Says Story, J., in Kleine v. Calara, 2 Gallis. 61: “ It is certainly competent for the parties to submit the law, as well as the facts, to the judgment of referees, and to agree to abide by their judgment. There is neither inconvenience nor impolicy in supporting such an agreement. It is only substituting judges of the parties’ own choosing for those who regularly administer the law of the land.”

It is also claimed, inasmuch as the rule issued by the clerk in these cases provides that they shall be tried according to law, but neither refers to the stipulation, nor contains a provision that the decision of the referees shall be final, that such rule is the authority under which the referees acted, and, so far as it differs from the agreement, supersedes it. But, were it not for the agreement, no rule of reference would have been made or could have issued. The court has no power to send a case to referees, except by agreement of parties ; and all the provisions of such agreement are to be regarded by the court as binding, unless varied or waived by the parties. The court had no power to supersede this agreement by its rule. The agreement was filed in court and became a part of its record of these cases. We fail to see that the parties have done anything to vary, or that amounts to a waiver of this agreement. There is no inconsistency between the rule issued by the clerk and the agreement.
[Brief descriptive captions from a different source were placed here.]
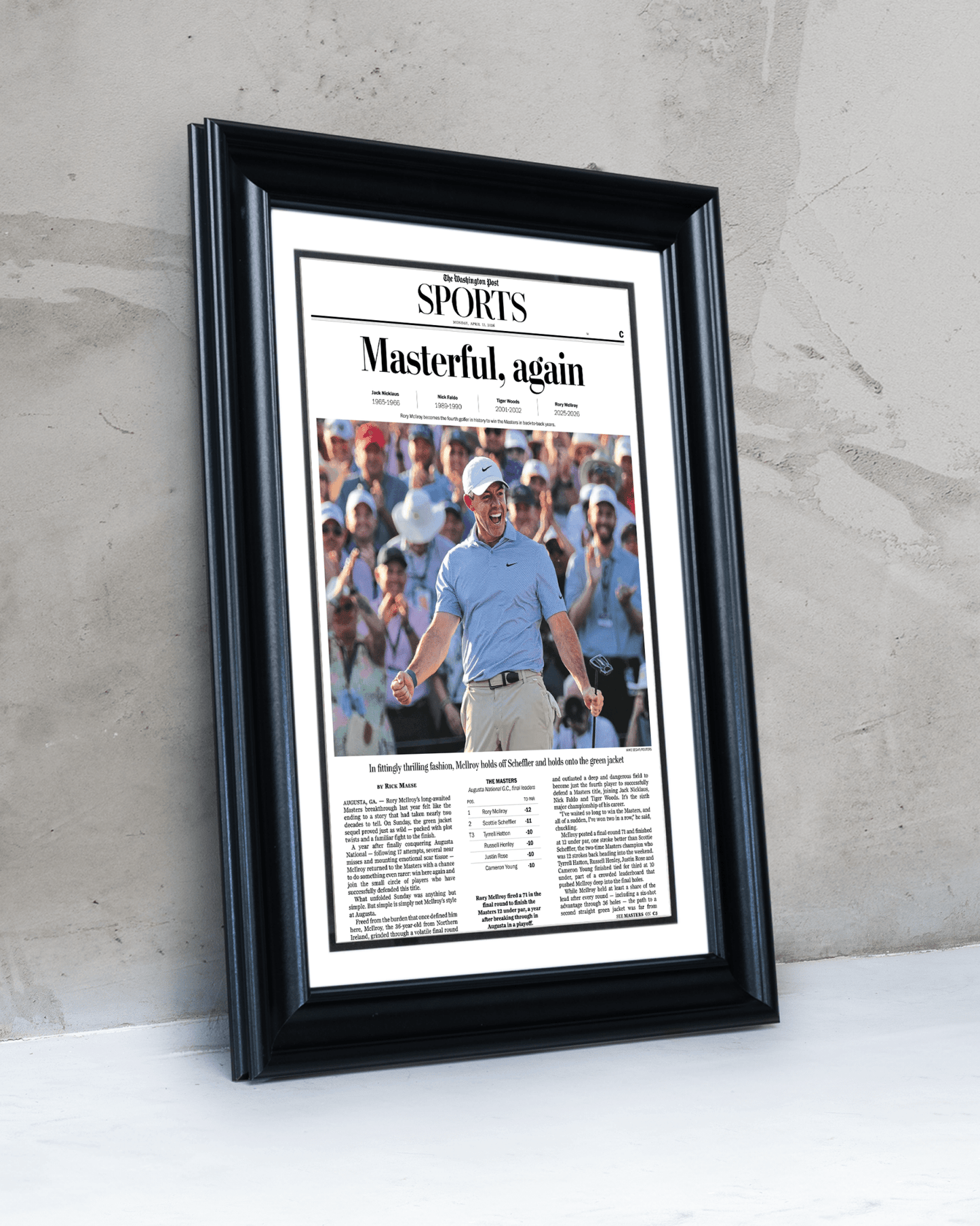 2026 Masters Tournament “Masterful, Again!” Rory McIlroy Back - to - Back Augusta Victory Framed Newspaper - TitleGameFrames.com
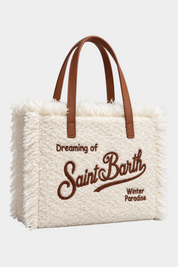 Borsa a mano Follower SRL Colette in tessuto bouclé avorio con frange, manici marroni e ricamo Saint Barth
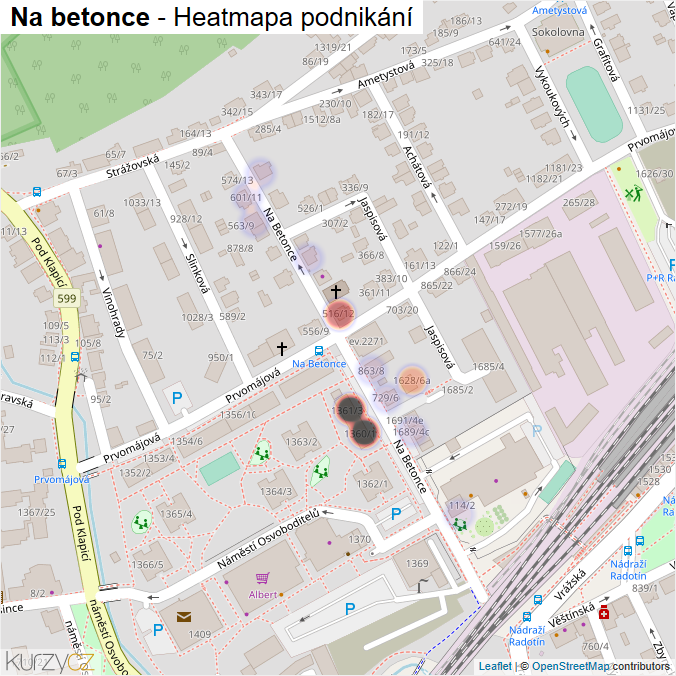 Mapa Na betonce - Firmy v ulici.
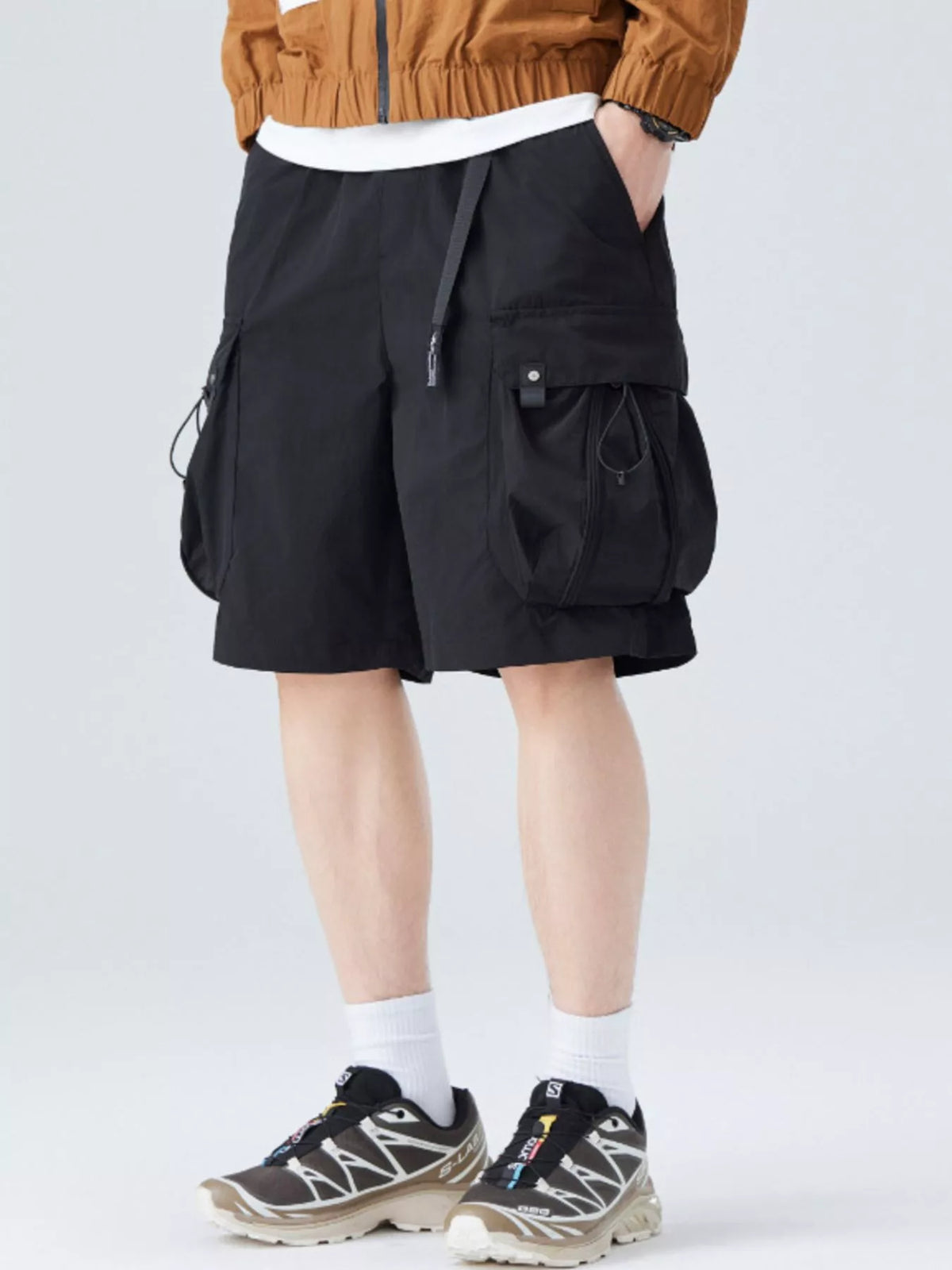 Men's Plus Size Cargo Shorts with Drawstring in Black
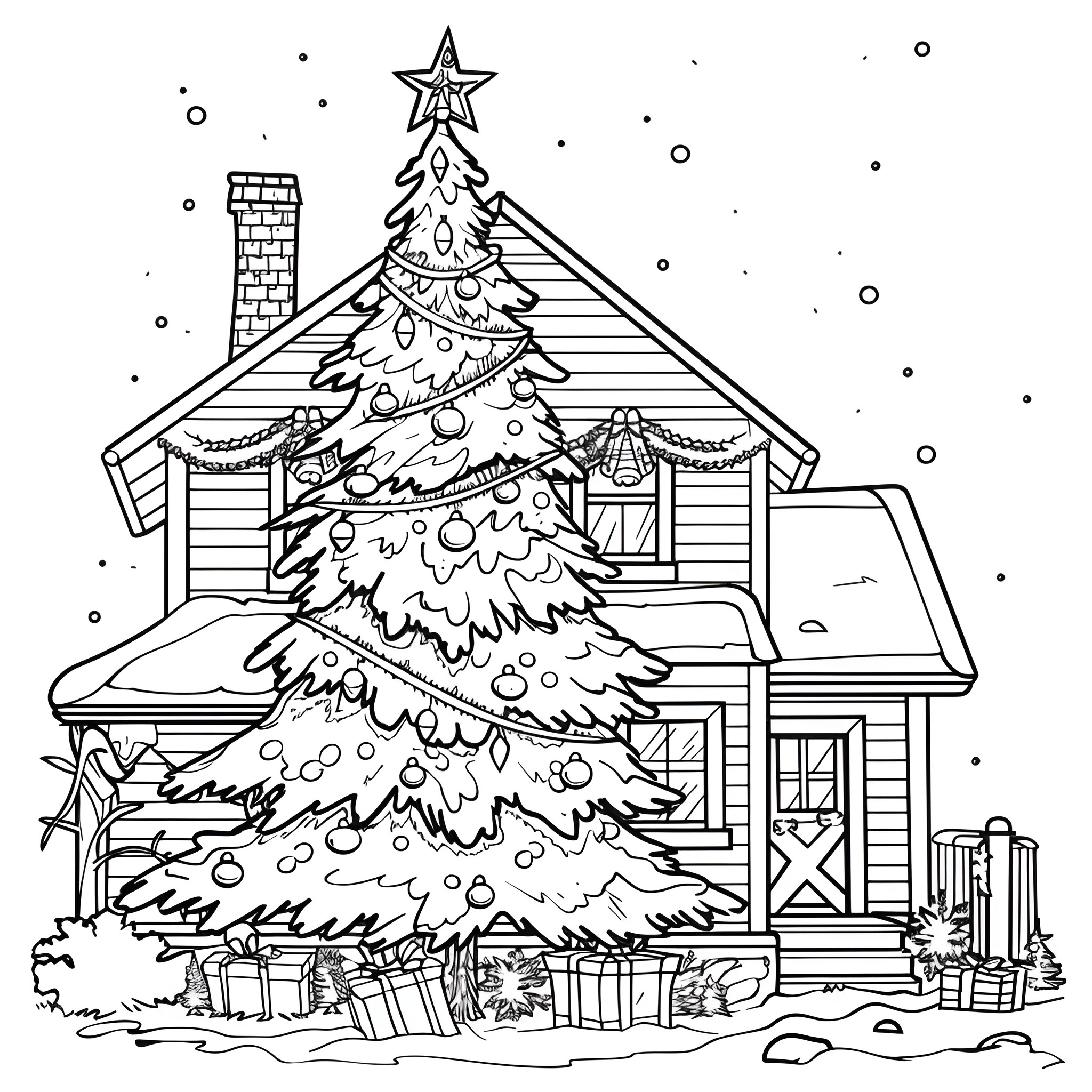 Christmas Tree adorned with gifts and decorations Coloring Page (free black-and-white line drawing printable PDF for all, from beginners to advanced learners, including children, teens, adults, and seniors)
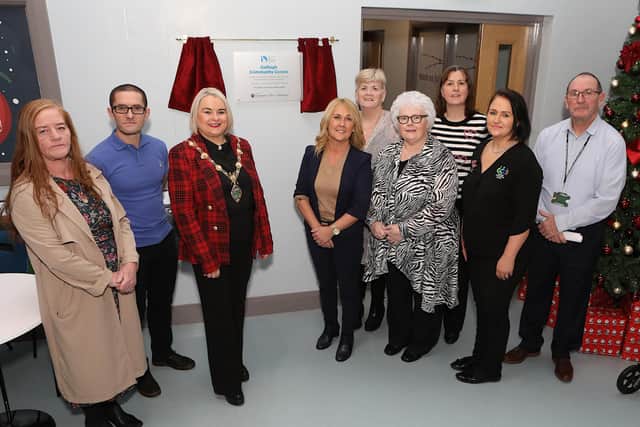 Mayor Sandra Duffy with Ciara Ferguson, MLA at the official opening of Galliagh Community Centre. From left are Yvonne Barr, Teach na Failte, Tommy McCallion, Centre manager, and from right, Martin Connelly, Community Restorative Justice Ireland, Elaine Condren, On Street Community Youth, Jacqueline Connelly, Rainbow Child and Family Centre, Anne McKeever and Marie Gillespie, Galliagh Women's Centre. (Photo - Tom Heaney, nwpresspics)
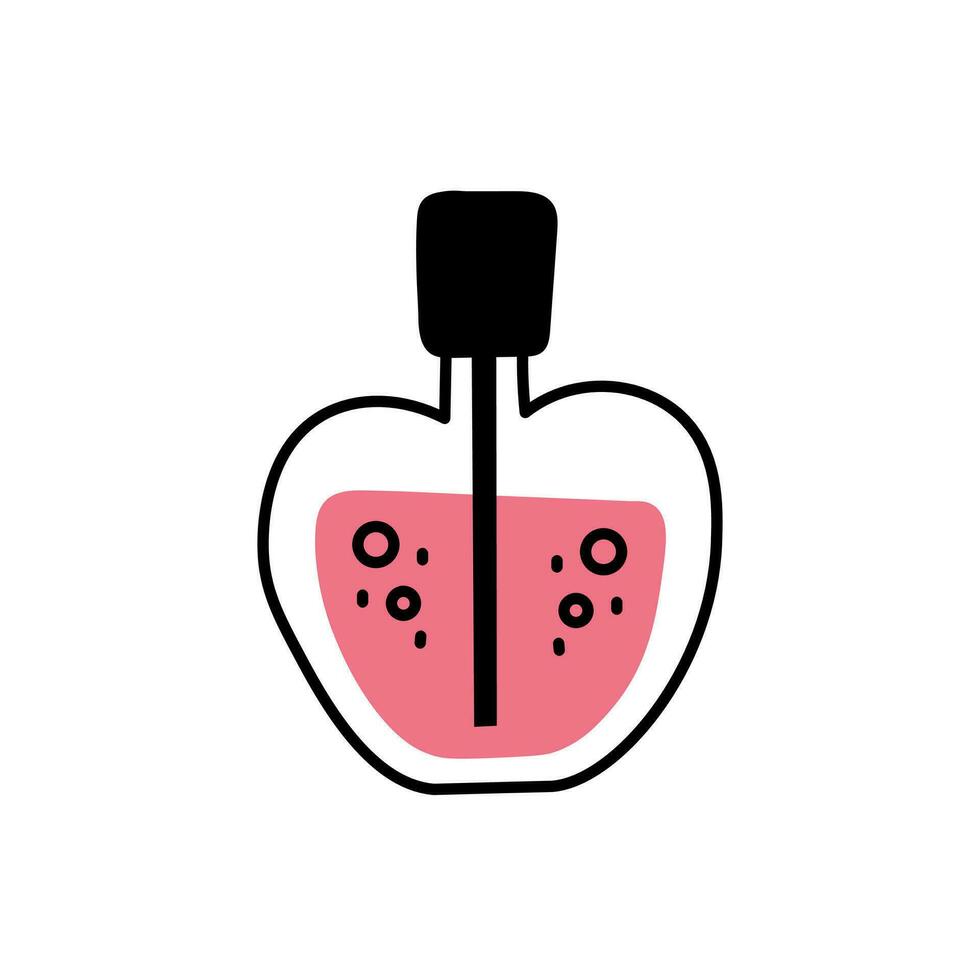 Pink perfume in a bottle vector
The former contains all that was necessary to inform the referees of their duty as to these cases, although it does not state that their decis*464ion is to be final, and judgment is to be entered upon their reports without exceptions. This stipulation of the agreement, omitted in the rule, pertains to the action of the court rather than the referees.

Wellman v. Bulkley, 6 Vt., 299, to which we have been referred, is not in conflict with the views here expressed. In that case, exception was taken to the report of the referees, for the reason that the rule did not follow the agreement of the parties. The agreement was to refer the case to three referees ; but the rule provided that the “ report of the major part of them ” was to be final. It was held that if this formed an exception to the report, which was signed by only two of the referees, it was addressed to the discretion of the County Court, and their decision thereon was final. That part of the rule of reference which was in conflict with the agreement to refer the case, pertained, in part at least, to the action of the referees ; and after the complaining party had taken out the rule, and the case had been heard under it without objection, and two of the referees had signed a report and caused the same to be filed, the County Court might, with propriety, hold that the agreement had been varied by the conduct of the parties, so as to correspond with the rule of reference issued by the court. • But the cases at bar stand differently. That part of the agreement omitted in the rule, as before stated, pertains wholly to the action of the court upon the report when filed, and is not in conflict with the rule.

Both the agreement and the rule were before the County Court and made a part of the cases ; and judgments therein having been entered for the plaintiff upon the reports, we think the same should be final, according to the agreement; and they are affirmed.